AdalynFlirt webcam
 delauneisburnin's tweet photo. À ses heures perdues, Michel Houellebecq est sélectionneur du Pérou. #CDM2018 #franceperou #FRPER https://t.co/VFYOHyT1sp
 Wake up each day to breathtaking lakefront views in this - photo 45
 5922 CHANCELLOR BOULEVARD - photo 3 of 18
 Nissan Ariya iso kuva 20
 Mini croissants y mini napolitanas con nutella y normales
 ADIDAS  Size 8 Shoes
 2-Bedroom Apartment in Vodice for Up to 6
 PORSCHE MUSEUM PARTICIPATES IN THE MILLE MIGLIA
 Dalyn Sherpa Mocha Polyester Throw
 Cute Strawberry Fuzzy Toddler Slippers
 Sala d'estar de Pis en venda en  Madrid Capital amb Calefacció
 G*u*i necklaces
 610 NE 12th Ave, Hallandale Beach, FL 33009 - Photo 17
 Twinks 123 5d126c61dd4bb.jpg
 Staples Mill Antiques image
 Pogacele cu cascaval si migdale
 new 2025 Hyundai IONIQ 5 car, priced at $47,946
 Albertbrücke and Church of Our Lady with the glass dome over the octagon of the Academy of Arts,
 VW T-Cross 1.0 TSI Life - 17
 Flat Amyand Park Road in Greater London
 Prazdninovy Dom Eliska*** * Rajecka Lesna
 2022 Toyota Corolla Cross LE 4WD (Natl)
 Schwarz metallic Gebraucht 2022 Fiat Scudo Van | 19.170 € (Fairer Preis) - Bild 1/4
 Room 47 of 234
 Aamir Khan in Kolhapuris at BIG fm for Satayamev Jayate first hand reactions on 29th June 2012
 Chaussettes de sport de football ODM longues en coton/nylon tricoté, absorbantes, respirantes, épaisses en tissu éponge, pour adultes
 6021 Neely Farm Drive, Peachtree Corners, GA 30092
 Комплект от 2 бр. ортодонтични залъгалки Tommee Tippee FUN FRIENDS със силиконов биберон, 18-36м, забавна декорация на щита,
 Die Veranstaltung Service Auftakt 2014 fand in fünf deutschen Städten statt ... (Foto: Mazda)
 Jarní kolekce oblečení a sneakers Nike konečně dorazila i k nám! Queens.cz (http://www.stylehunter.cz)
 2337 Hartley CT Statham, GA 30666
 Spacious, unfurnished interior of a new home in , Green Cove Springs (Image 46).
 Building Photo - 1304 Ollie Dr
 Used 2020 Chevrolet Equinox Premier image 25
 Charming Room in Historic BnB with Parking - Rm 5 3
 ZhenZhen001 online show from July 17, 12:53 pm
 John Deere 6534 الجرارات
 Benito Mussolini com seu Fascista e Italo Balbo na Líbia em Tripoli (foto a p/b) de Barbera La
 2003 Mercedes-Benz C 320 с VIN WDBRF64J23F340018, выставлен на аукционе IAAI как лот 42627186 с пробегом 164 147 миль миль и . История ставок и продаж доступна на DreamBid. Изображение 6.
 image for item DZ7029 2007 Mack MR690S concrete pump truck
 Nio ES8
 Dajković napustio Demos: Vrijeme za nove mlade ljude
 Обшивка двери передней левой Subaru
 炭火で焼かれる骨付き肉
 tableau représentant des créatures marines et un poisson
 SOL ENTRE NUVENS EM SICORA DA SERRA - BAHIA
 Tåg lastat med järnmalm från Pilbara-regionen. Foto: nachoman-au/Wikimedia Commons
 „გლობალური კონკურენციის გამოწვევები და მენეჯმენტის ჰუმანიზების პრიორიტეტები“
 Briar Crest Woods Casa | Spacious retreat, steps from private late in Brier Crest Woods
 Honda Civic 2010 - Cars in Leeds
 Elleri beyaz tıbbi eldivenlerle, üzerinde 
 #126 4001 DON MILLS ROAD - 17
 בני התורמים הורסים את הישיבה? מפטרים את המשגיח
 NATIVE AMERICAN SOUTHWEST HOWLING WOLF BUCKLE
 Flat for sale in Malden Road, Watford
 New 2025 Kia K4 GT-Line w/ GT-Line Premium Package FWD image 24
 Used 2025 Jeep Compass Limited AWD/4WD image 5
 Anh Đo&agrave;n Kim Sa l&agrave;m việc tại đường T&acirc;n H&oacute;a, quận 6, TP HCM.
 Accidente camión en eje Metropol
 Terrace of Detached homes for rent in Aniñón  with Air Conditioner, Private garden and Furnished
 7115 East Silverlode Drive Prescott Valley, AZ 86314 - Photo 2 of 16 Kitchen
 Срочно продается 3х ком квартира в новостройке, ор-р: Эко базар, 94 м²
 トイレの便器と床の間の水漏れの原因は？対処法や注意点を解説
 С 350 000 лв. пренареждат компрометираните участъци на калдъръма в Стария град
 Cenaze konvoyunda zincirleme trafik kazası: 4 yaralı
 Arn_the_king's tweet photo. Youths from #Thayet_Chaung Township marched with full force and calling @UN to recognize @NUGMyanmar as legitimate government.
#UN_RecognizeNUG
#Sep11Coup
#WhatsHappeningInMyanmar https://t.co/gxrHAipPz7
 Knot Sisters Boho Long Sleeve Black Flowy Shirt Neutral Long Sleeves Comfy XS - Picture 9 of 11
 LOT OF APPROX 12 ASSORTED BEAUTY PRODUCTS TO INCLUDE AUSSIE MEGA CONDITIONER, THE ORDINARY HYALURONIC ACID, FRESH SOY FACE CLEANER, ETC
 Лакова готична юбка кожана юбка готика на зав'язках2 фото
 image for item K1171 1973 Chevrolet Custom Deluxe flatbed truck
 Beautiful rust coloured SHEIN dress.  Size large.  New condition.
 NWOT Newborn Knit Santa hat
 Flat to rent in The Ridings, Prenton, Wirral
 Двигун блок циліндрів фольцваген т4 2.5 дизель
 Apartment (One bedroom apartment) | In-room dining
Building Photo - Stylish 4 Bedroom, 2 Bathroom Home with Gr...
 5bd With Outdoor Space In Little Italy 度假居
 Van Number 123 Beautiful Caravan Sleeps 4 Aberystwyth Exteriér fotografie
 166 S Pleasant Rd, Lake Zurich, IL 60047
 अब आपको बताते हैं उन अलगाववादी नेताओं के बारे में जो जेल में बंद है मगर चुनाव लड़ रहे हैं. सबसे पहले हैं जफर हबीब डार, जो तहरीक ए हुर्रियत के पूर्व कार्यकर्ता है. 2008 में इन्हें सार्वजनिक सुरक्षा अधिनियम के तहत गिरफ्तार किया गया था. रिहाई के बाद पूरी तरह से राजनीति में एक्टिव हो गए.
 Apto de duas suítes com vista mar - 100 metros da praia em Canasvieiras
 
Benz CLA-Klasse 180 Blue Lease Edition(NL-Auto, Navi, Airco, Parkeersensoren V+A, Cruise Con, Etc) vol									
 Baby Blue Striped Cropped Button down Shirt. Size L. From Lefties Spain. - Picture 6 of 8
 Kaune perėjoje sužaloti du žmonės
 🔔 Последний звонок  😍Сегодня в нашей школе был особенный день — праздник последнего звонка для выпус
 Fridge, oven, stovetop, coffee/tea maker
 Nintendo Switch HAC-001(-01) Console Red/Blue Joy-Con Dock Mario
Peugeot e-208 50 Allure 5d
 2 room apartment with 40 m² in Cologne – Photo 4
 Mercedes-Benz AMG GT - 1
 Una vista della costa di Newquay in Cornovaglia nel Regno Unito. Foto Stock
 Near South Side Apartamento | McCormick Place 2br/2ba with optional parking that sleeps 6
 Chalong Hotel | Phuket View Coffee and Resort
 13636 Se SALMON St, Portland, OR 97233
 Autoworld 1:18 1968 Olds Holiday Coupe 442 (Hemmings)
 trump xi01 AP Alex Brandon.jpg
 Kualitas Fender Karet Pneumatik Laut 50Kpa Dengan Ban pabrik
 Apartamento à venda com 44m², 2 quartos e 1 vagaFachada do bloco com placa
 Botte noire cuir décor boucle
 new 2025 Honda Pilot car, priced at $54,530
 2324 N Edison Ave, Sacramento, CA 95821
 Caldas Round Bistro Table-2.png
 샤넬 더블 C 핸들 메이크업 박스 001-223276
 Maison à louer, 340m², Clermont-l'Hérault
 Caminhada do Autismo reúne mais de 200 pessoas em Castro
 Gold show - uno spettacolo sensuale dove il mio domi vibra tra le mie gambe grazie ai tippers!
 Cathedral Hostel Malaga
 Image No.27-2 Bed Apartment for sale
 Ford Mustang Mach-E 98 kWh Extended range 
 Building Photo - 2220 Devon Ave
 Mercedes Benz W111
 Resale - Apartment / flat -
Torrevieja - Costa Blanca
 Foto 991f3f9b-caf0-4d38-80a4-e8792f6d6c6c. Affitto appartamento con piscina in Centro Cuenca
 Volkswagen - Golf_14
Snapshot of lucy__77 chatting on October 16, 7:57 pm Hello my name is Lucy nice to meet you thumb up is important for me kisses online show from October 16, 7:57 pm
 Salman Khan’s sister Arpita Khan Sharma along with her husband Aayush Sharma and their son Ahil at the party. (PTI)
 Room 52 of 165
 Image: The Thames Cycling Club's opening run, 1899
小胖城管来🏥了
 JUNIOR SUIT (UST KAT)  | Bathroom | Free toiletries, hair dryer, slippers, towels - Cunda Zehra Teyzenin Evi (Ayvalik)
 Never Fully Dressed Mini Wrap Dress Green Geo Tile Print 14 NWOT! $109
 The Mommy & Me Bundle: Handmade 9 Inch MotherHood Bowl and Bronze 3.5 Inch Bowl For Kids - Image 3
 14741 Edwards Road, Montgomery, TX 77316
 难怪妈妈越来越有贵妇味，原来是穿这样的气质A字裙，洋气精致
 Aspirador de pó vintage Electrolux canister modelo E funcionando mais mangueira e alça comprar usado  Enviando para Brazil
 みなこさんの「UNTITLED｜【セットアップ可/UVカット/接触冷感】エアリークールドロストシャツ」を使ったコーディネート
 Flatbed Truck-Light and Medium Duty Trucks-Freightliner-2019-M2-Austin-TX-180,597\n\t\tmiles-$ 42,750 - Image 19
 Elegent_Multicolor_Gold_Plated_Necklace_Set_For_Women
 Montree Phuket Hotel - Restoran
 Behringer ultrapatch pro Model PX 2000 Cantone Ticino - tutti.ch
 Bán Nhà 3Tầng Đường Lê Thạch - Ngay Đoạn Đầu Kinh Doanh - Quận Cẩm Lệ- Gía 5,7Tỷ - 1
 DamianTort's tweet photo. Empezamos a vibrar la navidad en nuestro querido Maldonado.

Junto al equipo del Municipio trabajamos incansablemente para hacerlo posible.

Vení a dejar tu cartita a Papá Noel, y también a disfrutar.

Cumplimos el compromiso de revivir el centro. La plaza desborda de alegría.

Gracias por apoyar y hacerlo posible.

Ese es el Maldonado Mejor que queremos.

> **Task requirements**: In the listing above, please print only the lines from the first one to the line where "John Deere 6534 الجرارات" appears, exactly as written, both of those lines included.

> **Solved exercise**:
AdalynFlirt webcam
 delauneisburnin's tweet photo. À ses heures perdues, Michel Houellebecq est sélectionneur du Pérou. #CDM2018 #franceperou #FRPER https://t.co/VFYOHyT1sp
 Wake up each day to breathtaking lakefront views in this - photo 45
 5922 CHANCELLOR BOULEVARD - photo 3 of 18
 Nissan Ariya iso kuva 20
 Mini croissants y mini napolitanas con nutella y normales
 ADIDAS  Size 8 Shoes
 2-Bedroom Apartment in Vodice for Up to 6
 PORSCHE MUSEUM PARTICIPATES IN THE MILLE MIGLIA
 Dalyn Sherpa Mocha Polyester Throw
 Cute Strawberry Fuzzy Toddler Slippers
 Sala d'estar de Pis en venda en  Madrid Capital amb Calefacció
 G*u*i necklaces
 610 NE 12th Ave, Hallandale Beach, FL 33009 - Photo 17
 Twinks 123 5d126c61dd4bb.jpg
 Staples Mill Antiques image
 Pogacele cu cascaval si migdale
 new 2025 Hyundai IONIQ 5 car, priced at $47,946
 Albertbrücke and Church of Our Lady with the glass dome over the octagon of the Academy of Arts,
 VW T-Cross 1.0 TSI Life - 17
 Flat Amyand Park Road in Greater London
 Prazdninovy Dom Eliska*** * Rajecka Lesna
 2022 Toyota Corolla Cross LE 4WD (Natl)
 Schwarz metallic Gebraucht 2022 Fiat Scudo Van | 19.170 € (Fairer Preis) - Bild 1/4
 Room 47 of 234
 Aamir Khan in Kolhapuris at BIG fm for Satayamev Jayate first hand reactions on 29th June 2012
 Chaussettes de sport de football ODM longues en coton/nylon tricoté, absorbantes, respirantes, épaisses en tissu éponge, pour adultes
 6021 Neely Farm Drive, Peachtree Corners, GA 30092
 Комплект от 2 бр. ортодонтични залъгалки Tommee Tippee FUN FRIENDS със силиконов биберон, 18-36м, забавна декорация на щита,
 Die Veranstaltung Service Auftakt 2014 fand in fünf deutschen Städten statt ... (Foto: Mazda)
 Jarní kolekce oblečení a sneakers Nike konečně dorazila i k nám! Queens.cz (http://www.stylehunter.cz)
 2337 Hartley CT Statham, GA 30666
 Spacious, unfurnished interior of a new home in , Green Cove Springs (Image 46).
 Building Photo - 1304 Ollie Dr
 Used 2020 Chevrolet Equinox Premier image 25
 Charming Room in Historic BnB with Parking - Rm 5 3
 ZhenZhen001 online show from July 17, 12:53 pm
 John Deere 6534 الجرارات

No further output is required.